- Source data -
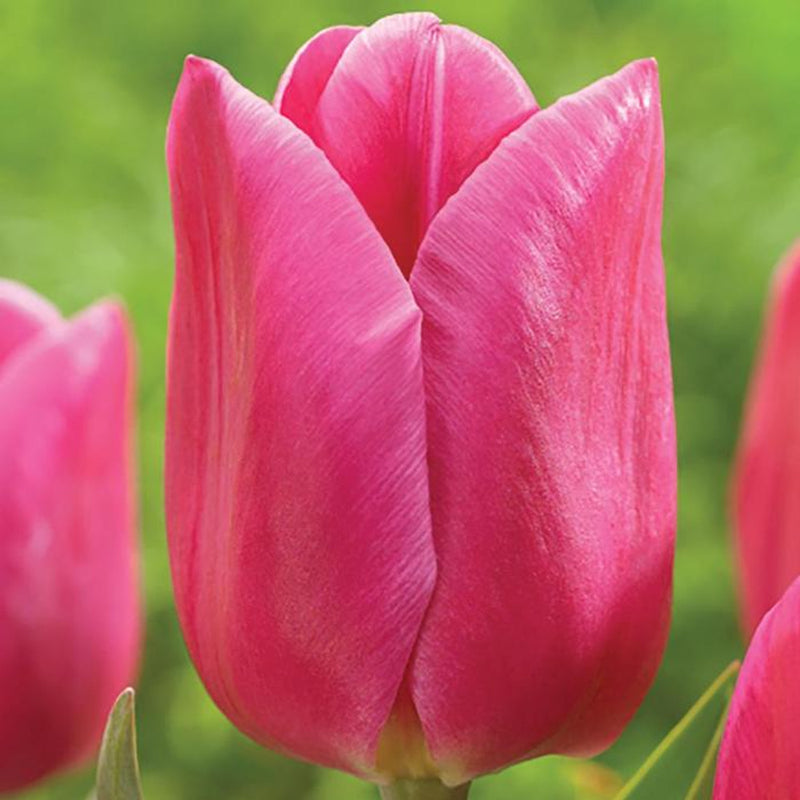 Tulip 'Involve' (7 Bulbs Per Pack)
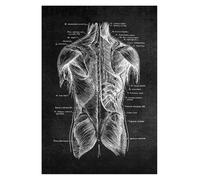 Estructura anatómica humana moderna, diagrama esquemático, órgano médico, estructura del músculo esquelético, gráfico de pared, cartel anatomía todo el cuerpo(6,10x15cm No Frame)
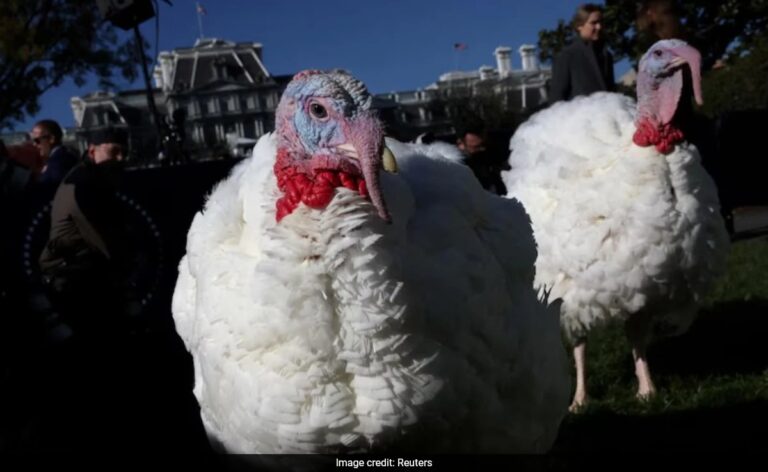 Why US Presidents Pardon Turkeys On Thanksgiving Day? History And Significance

--

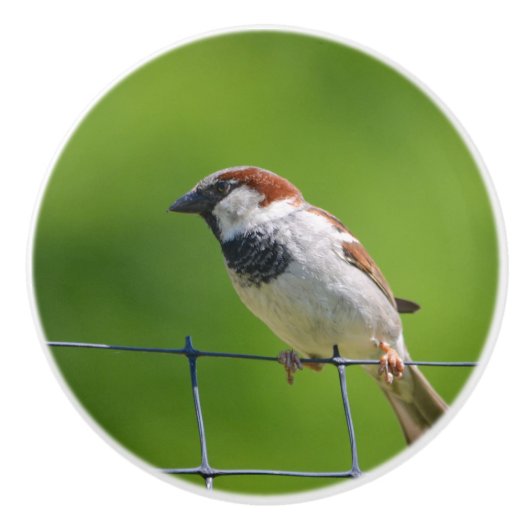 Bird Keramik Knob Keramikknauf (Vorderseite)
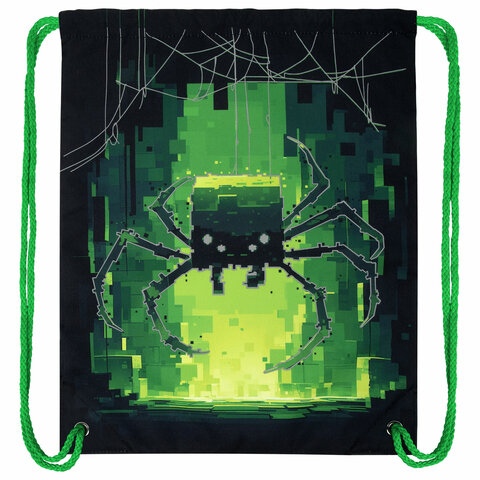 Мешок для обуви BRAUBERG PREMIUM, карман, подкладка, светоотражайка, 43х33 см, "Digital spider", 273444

- How to complete this task -
Would you set down only the lines above from the line with "Tulip 'Involve' (7 Bulbs Per Pack)" to the line with "Why US Presidents", both included, exactly as they stand and without the pictures?

- Answer for the task -
 Tulip 'Involve' (7 Bulbs Per Pack)
 Estructura anatómica humana moderna, diagrama esquemático, órgano médico, estructura del músculo esquelético, gráfico de pared, cartel anatomía todo el cuerpo(6,10x15cm No Frame)
 Why US Presidents Pardon Turkeys On Thanksgiving Day? History And Significance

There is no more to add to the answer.